On April 29, 1992, a California jury acquitted four Los Angeles police officers of using excessive force against Rodney King, an African-American motorist whom they had severely beaten after a high-speed car chase. The beating had been caught on camera and televised. The not-guilty verdict sparked four days of massive rioting by blacks in Los Angeles. To help quell the mayhem, King appealed for public order by asking, “Can we all get along?” Unfortunately, “getting along” is never easy, particularly when cultures come into conflict, as embodied by the white law enforcement officers and the black driver. Considering the number of such seemingly intractable conflicts around the world, many contend that they simply cannot be resolved. This book claims otherwise, at least for smaller-scale disagreements where members of different cultures can sit down with each other to iron things out. Michelle LeBaron and Venashri Pillay explain the potential of “building relationships” as a solution to conflict. They focus on using knowledge and understanding to bridge cultural chasms, and report on international studies and case histories. They also explain the psychology of conflict and cultural assumptions. getAbstract applauds the authors for their insightful analysis and intelligent approach, and recommends this book to human resource managers and others who work with employees from a variety of cultural backgrounds.
- Resolving intercultural conflict requires building relationships.
- On some level, all conflicts are cultural.
- Conflict becomes most pronounced when interdependent cultural groups vie with each other over limited resources.
- Conflict shapes culture, and culture shapes conflict.
- The dynamics of a conflict often evolve as events unfold.
- Without openness and understanding, conflict will remain in place.
- Stereotypical thinking always stands in the way of intercultural conflict resolution.
- Social scientists have identified "cultural starting points" to use in understanding people from other cultures.
- You can develop skills that will help you resolve intercultural conflict.
- Achieving "cultural fluency," though difficult, is an important step toward resolving differences with those from other cultures, known as "cultural others."
Different Cultures are Like Different Musical Instruments
Consider a symphony orchestra. The instruments in the orchestra, from drums to trumpets to violins to tubas, could not be more diverse, nor the sounds they make more different. Yet beautiful music results when they play together. Of course, the conductor must use leadership to bring the individual symphony members together. The members of various cultures – who may be as different from one another as pianos and piccolos – can also use their differences to create harmony. They require intelligent leadership that identifies their common goals, such as the desire to end a dispute.
"Conflict and Culture"
To begin, define the nature of the issues that emerge when cultures conflict:
- Conflict is a "difference...between two or more people that touches them in a significant way."
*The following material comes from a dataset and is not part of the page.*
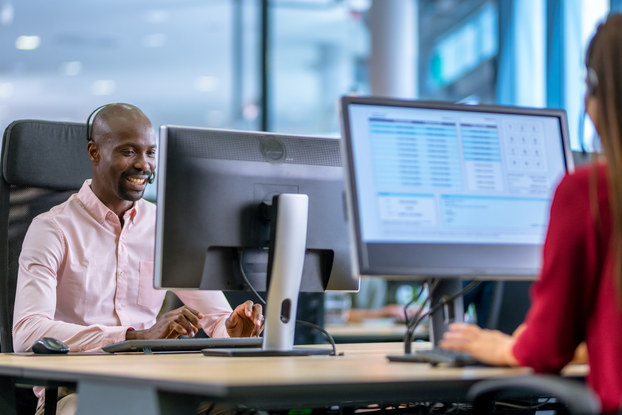 man and woman working on computers in a call center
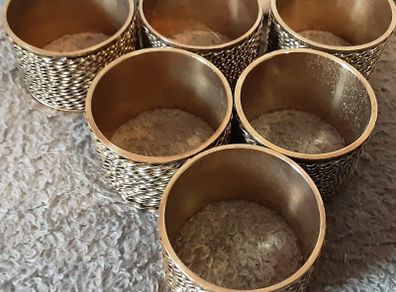 six brass napkin ring's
- Culture is the "shared, often unspoken understandings in a group." Culture is "meaning-making" – that is, people's important priorities, the choices that bind them together with other members of their group.
“Learning to handle crosscultural conflict is emerging as a central problem in human relations.”
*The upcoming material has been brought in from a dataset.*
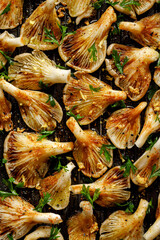 Oyster mushrooms in an aromatic marinade, prepared for grilling, top view - obrazy, fototapety, plakaty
Cultural differences can take many forms. Ethnicity and nationality are obvious dividers. But so are cleavages "of generation, socioeconomic class, sexual orientation, differing abilities, political and religious affiliation, language, gender."
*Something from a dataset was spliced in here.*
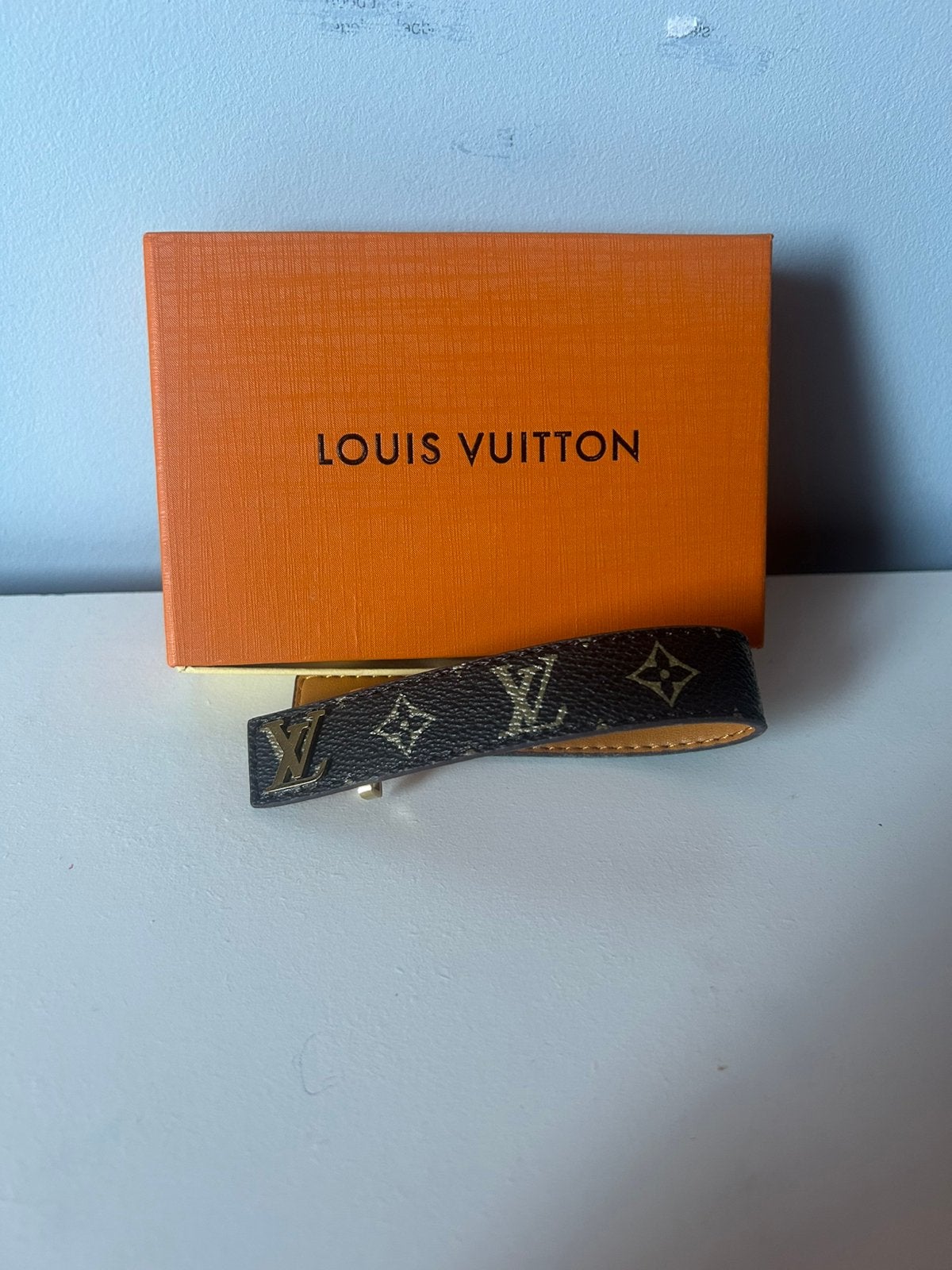 Louis Vuitton armband slim, Ophalen of Verzenden, Zo goed als nieuw, Bruin, Leer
Conflict between cultures generally arises because of three factors:
- Scarce or limited resources.
- Relationship factors that reflect rank or authority.
- Differing worldviews.
“Crosscultural collaboration is not for the faint of heart!”
Conflicts that occur along all of these fault lines at the same time are, by far, the most difficult to resolve.
Conflicts arise not only for different reasons, but also at different "levels":
- "Material" – The immediate cause of the conflict.
- "Symbolic" – The significance of the issues as the parties filter them through their individual sense of who they are, what matters to them and how they see the world.
- "Relational" – The interactions among the parties.
“Relationship building as a central focus of...conflict resolution implies a significant investment of time in conflict resolution efforts.”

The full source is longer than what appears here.